Data section:
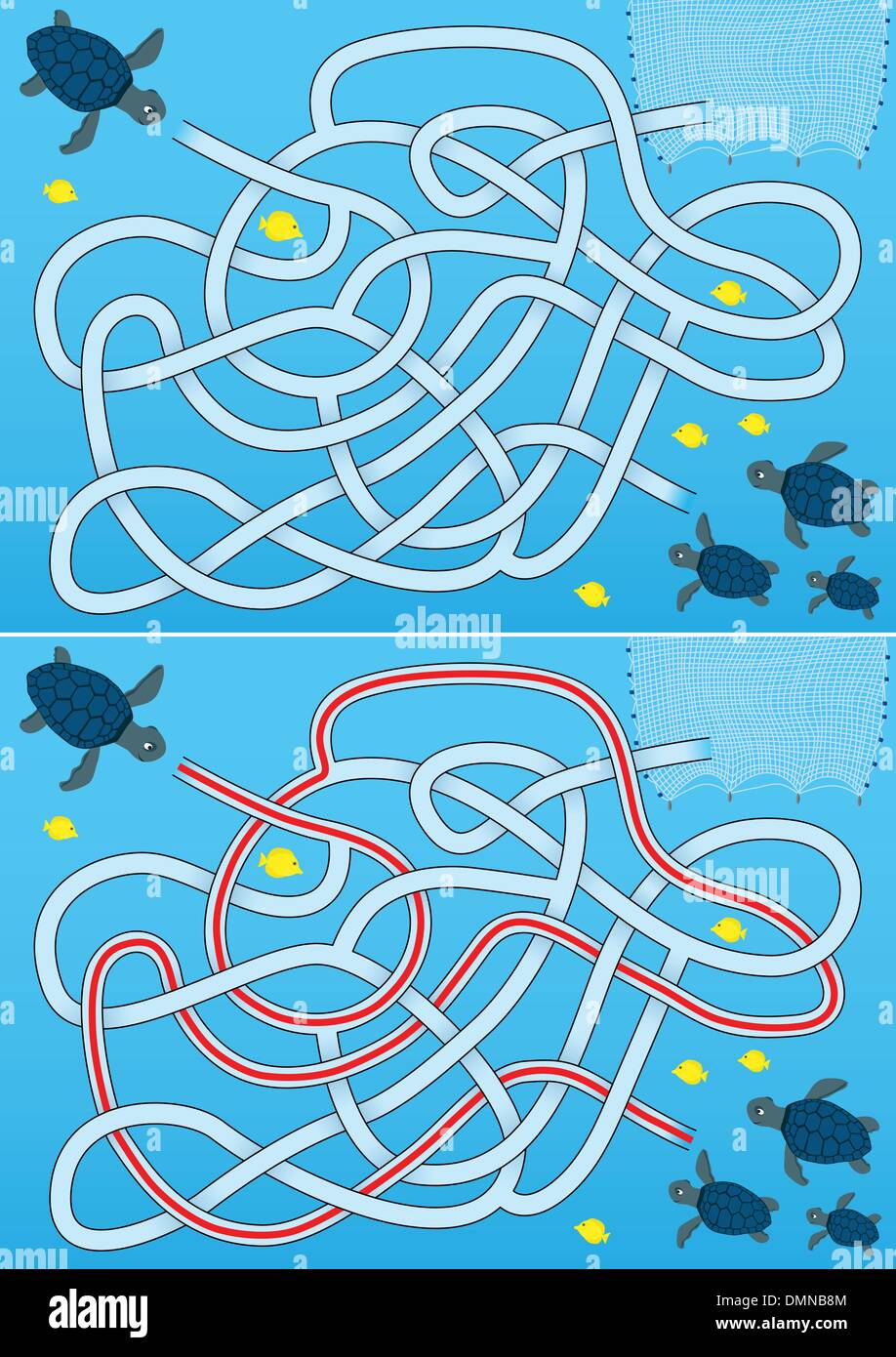 Cartoon Turtle Puzzle Game High Resolution Stock Photography and Images ...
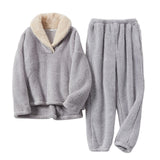 Maxbell 2Pcs Warm Flannel Pajama Loungewear Lady Loose Top Thick Cozy Grey M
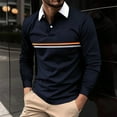 thumbnail image 1 of JIANJIA Mens Polo Shirts Autumn Winter Long Sleeve Striped Lapel Casual Tops Outwear, 1 of 4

Exercise brief: Retype the material in full, exactly as written, and exclude the pictures.

Result for this exercise:
 Cartoon Turtle Puzzle Game High Resolution Stock Photography and Images ...
 Maxbell 2Pcs Warm Flannel Pajama Loungewear Lady Loose Top Thick Cozy Grey M
 thumbnail image 1 of JIANJIA Mens Polo Shirts Autumn Winter Long Sleeve Striped Lapel Casual Tops Outwear, 1 of 4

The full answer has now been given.